Sutter Kane wrote:
Mmmm I have a relavant question that tests formula vs hunch. Formula says Milner is the correct pick (Chelsea H) against Bale (W.Ham A) by over a ppg average - one of them will be benched this GW, my hunch says I should go Bale in my first xi, is this right?
hancockjr wrote:
Your (the) formulas presumably uses Milner's stats from AV last season, hence is useless.
When a player changes clubs, or changes his FPL position, obviously his potential is affected. So maybe last season's stats aren't worth much.
But we do have this season's stats (albeit for 6 weeks only)...
Bale (7.1m) 30 points from 540 minutes
Milner (9.1m) 30 points from 534 minutes
My formula is fairly easy to understand...

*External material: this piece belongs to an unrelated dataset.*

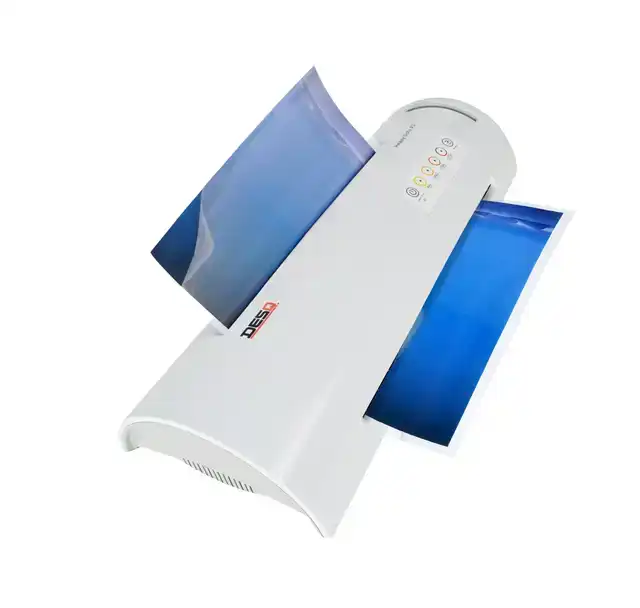 LAMINEERMACHINE DESQ HEAVY DUTY XL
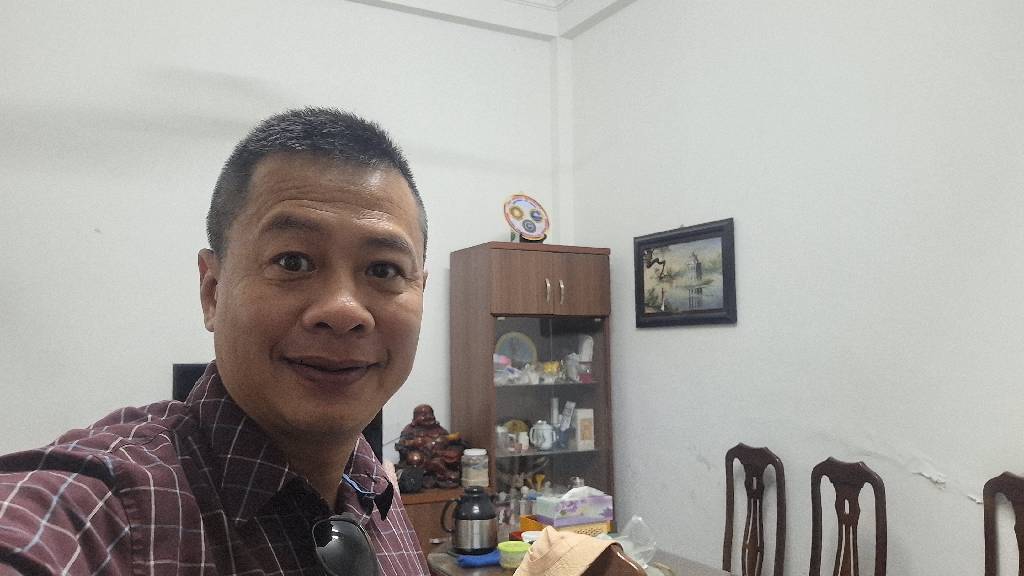 Bán nhà Bùi Xương Trạch - diện tích 56m2 3 tầng - Ô tô 3 bước - giá 13,5 tỷ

predicted score next match (FPL points) = 0.34*price + 41*historicalYield + 0.053*opposition + 1.01*venue + 0.04*form - 1.63
where:
price = the player's price we have
historicalYield = points per minute played
opposition = the rank of the opposing team...let's take my 1-20 ranking above: Bale v Villa (rank 6), Milner v Newcastle (rank 15)
venue = home advantage: Bale at home = 1, Milner at home = 1
form = points scored in last game: Bale 2, Milner 3
-1.63 = the regression intercept (don't worry about it, just subtract it)
Thus...
Bale, predicted score next match (FPL points) = 0.34*7.1 + 41*(30/540) + 0.053*6 + 1.01*1 + 0.04*2 - 1.63 =
4.5Milner, predicted score next match (FPL points) = 0.34*9.1 + 41*(30/534) + 0.053*15 + 1.01*1 + 0.04*3 -
5.7Thus my formula predicts that Milner will score more points this weekend. Note that, for this particular comparison, the factors historicalYield, venue, and form are nearly the same or else trivial.
Sutter Kane wrote:
All ideas in this whole thread have been insufficiently rigorous because it's near impossible to be rigorous enough. But Wyld can maybe 'prove' his formulas worth by explaining why Milner will ouscore Bale this week (or correcting me in a calculation error)...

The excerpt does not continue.